Department of Emergency Medicine, University of Cincinnati, Cincinnati, OH 45267-0769, USA.
Am J Emerg Med. 2012 Jan;30(1):181-3. doi: 10.1016/j.ajem.2010.08.018. Epub 2010 Oct 20.
A delay in diagnosis of sepsis and appropriate treatment increases subsequent mortality. An association with the degree of bandemia, or the presence of immature neutrophils in the white blood cell count, has not been explored in septic patients presenting to the emergency department (ED). We hypothesized that the presenting band levels would be higher in septic patients who die in hospital compared with survivors.

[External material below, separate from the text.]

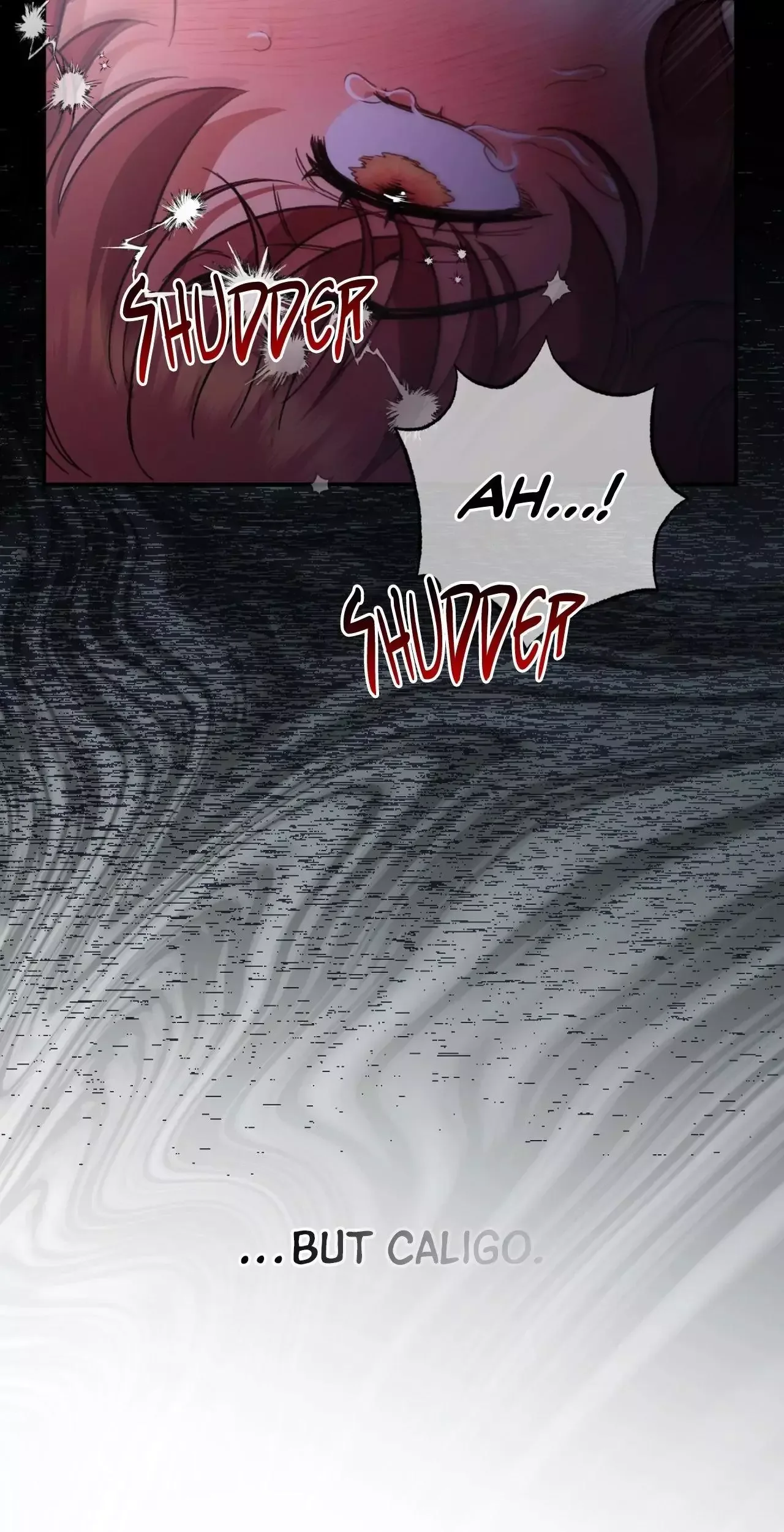 One of the Lewd Demons Chapter 107 page 20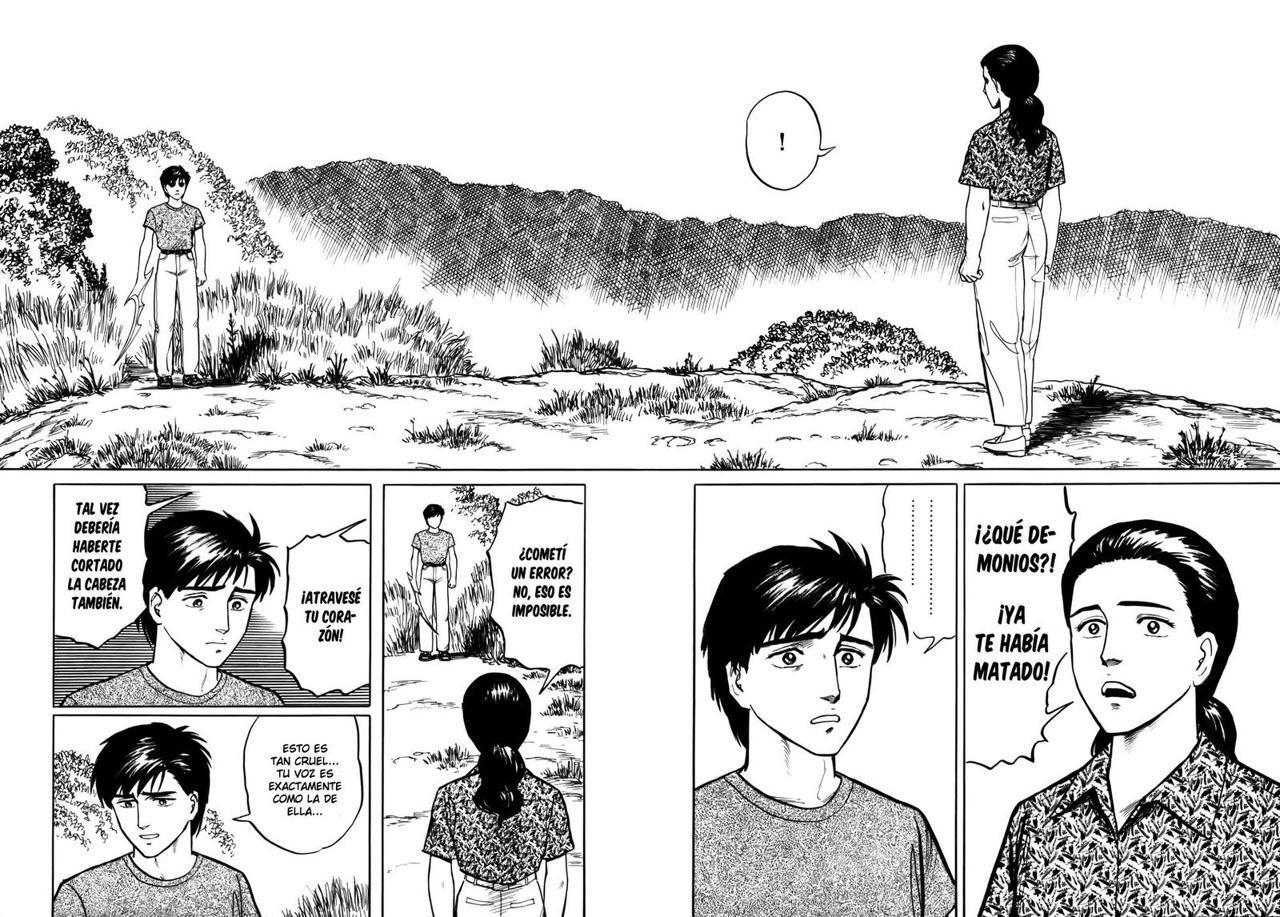 Capitulo 16 page 38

This study reviewed charts of ED patients presenting with sepsis to a single urban, academic, tertiary care ED with an annual census of 80,000 visits. Patients were included if they had bandemia assessed and were eligible for early goal-directed therapy. Reviewers blinded to the study purpose abstracted data using predetermined definitions. The band level was compared between patients who died and those who survived to discharge using the Mann-Whitney U test. Logistic regression was used to estimate the effect of bandemia levels on the odds of death.
Ninety-six patients meeting inclusion criteria were enrolled; 2 were excluded with incomplete data. Mean age was 59 years, 53% were white, and 51% were male. Thirty-two patients (34%) died during admission. The median band levels in patients who died was 17% (range, 0%-67%); and in patients surviving to discharge, the median band level was 9% (range, 0%-77%) (difference in medians, 8%; CI(95), -27.04 to 11.04; P = .222).
The band level on presentation was not found to be associated with inpatient mortality in ED patients with sepsis who are eligible for early goal-directed therapy.
脓毒症诊断和治疗的延误会增加后续的死亡率。在因脓毒症就诊急诊科(ED)的患者中,尚未探讨白细胞计数中出现幼稚中性粒细胞的程度(即带血程度)与疾病严重程度之间的关系。我们假设与存活患者相比,死亡的脓毒症患者入院时的带血程度更高。
本研究回顾了单所城市学术性三级护理 ED 中因脓毒症就诊的 ED 患者的病历,该 ED 每年就诊人数为 8 万。如果患者有带血程度评估且符合早期目标导向治疗条件,则将其纳入研究。审查员使用预定的定义对数据进行盲法评估。使用 Mann-Whitney U 检验比较死亡患者和存活至出院患者的带血程度。使用逻辑回归估计带血程度对死亡概率的影响。
符合纳入标准的 96 例患者中,有 2 例因数据不完整而被排除。平均年龄为 59 岁,53%为白人,51%为男性。32 例(34%)患者在住院期间死亡。死亡患者的中位带血程度为 17%(范围 0%-67%);存活至出院的患者的中位带血程度为 9%(范围 0%-77%)(中位数差值为 8%;95%CI(95)为-27.04 至 11.04;P=.222)。
对于符合早期目标导向治疗条件的因脓毒症就诊 ED 且死亡的患者,入院时的带血程度与住院死亡率无关。